**YOUR TASK:** Below is a listing with pictures in it; transcribe exactly the lines from the one that has "Load image into" through the one that has "Victoria's Secret bathing suit set", and omit those pictures.

**SOURCE RECORDS:**
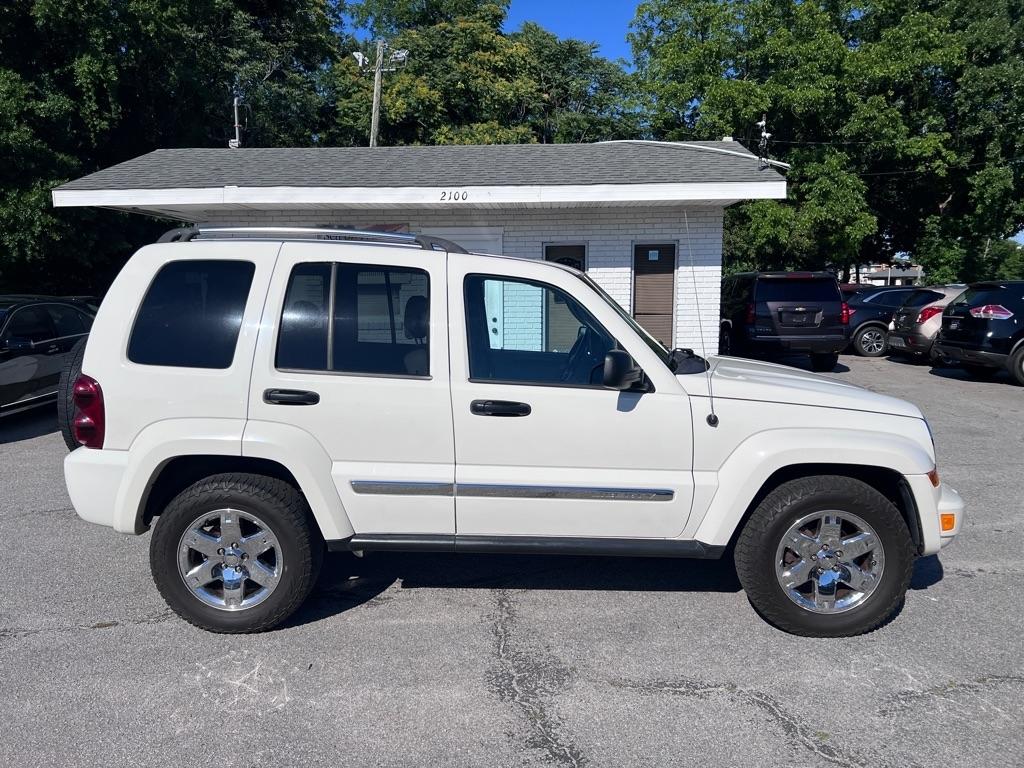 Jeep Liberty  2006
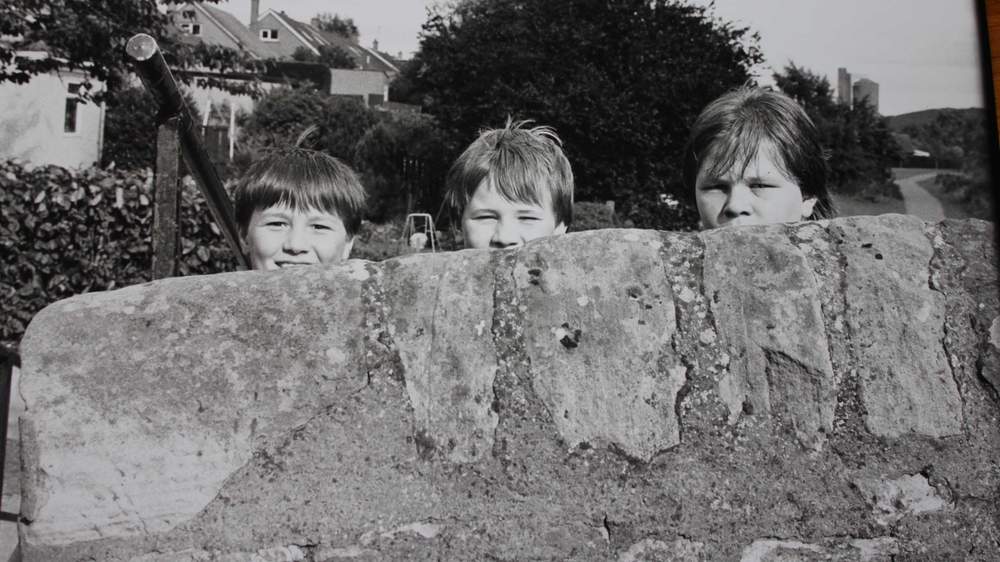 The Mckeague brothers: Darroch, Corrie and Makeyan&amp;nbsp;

...

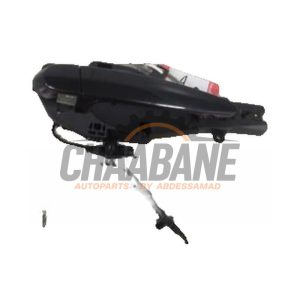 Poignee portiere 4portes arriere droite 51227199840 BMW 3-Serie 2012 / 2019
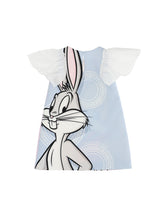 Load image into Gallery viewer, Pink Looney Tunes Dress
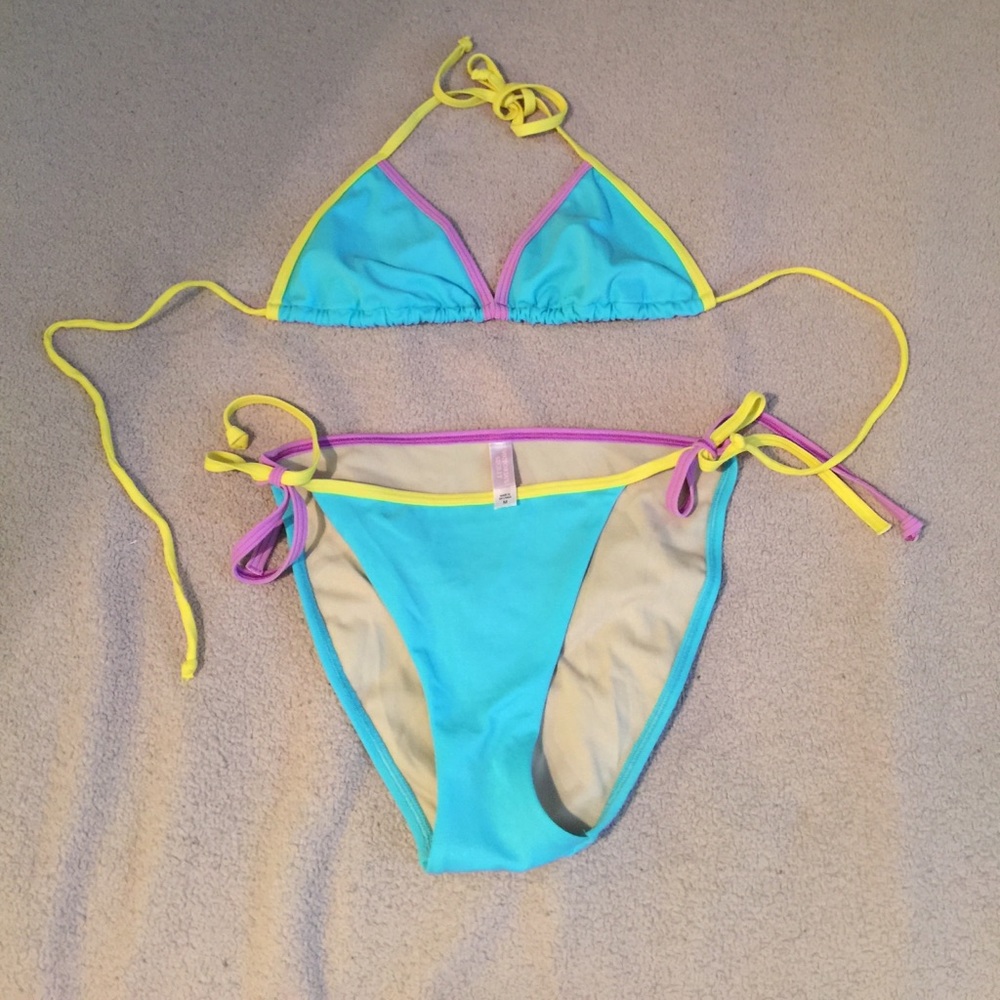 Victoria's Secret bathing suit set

**EXPECTED ANSWER:**
 Load image into Gallery viewer, Pink Looney Tunes Dress
 Victoria's Secret bathing suit set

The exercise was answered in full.